Terakhir, anggota Komisi VI DPR RI Andre Rosiade meminta kepada Kementerian Perdagangan (Kemendag) untuk bertindak tegas. Dia mengutip data Asosiasi Produsen Serat dan Benang Filament Indonesia (APSyFI) bahwa total impor ilegal pakaian setiap tahun mencapai 300.000 ton senilai US$ 2,1 miliar atau sekitar Rp 35 triliun.
"Impor baju bekas ilegal ini menjadi momok yang menakutkan bagi produsen baju lokal," Kata Andre saat Raker Komisi VI DPR RI dengan Menteri Perdagangan di Gedung DPR RI Senayan, Jakarta, Rabu (15/3/2023).
Politisi Gerindra itu menjelaskan, dari total impor ilegal pakaian setiap tahun yang mencapai 300.000 ton itu, ada 25% sampai 30% atau sekitar Rp 9,7 triliun di antaranya adalah pakaian bekas.
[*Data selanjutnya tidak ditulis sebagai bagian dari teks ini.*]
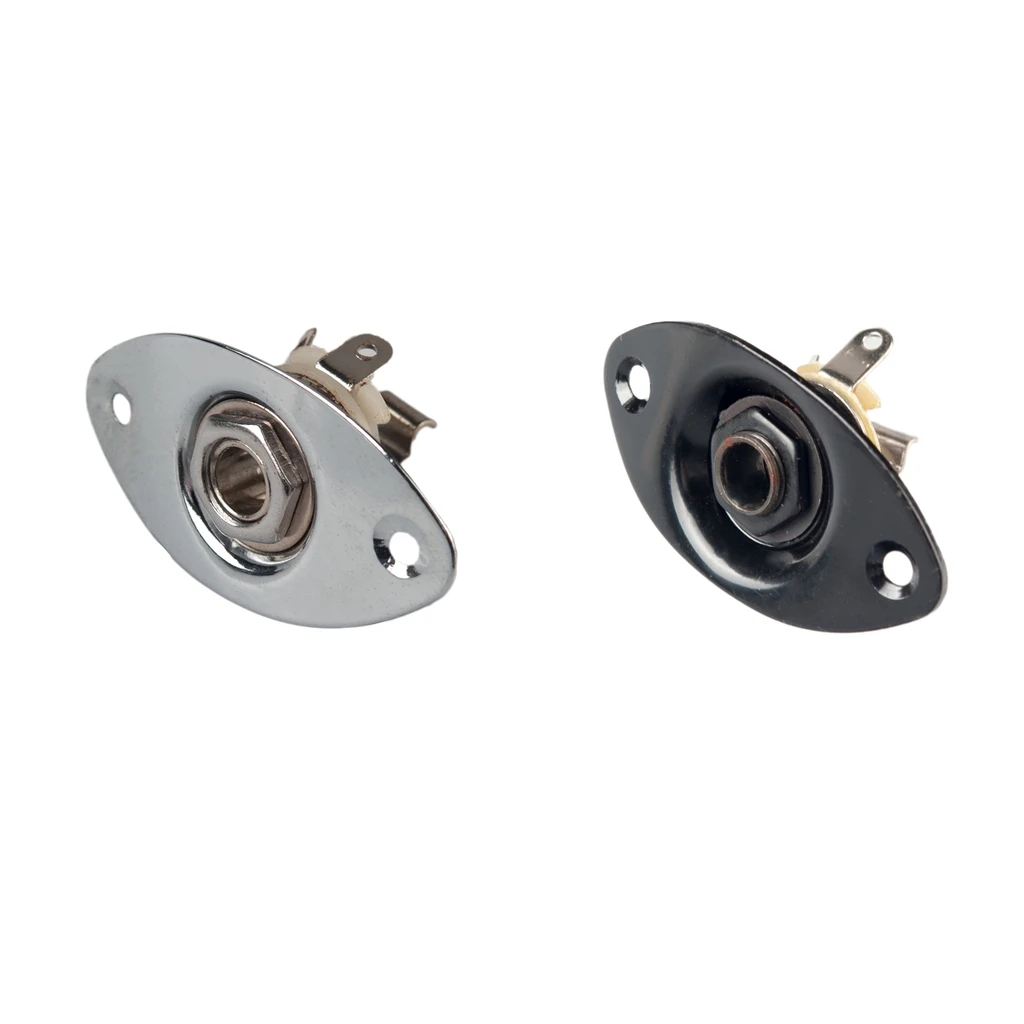 

Metal 1/4inch Guitar Oval Indented Jack Plate for Electric Guitar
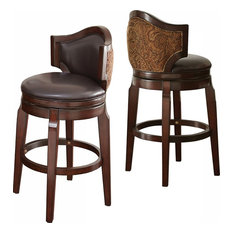 Steve Silver Company - Jasper Bar Chairs, Set of 2, Natural - Bar Stools and Counter Stools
Jika impor bisa dibendung, produk lokal yang menggantikannya bisa mendatangkan lapangan kerja baru hingga 500 ribu orang.
"Impor pakaian ilegal yang mencapai 300.000 ton itu kalau dikalikan US$ 7 per kg saja sudah mencapai US$ 2,1 miliar per tahun. Itu kalau diganti produk dalam negeri akan menghasilkan 500.000 tenaga kerja dan sangat bisa untuk mensubstitusi kelesuan ekspor pakaian industri dalam negeri saat ini," tegas Andre.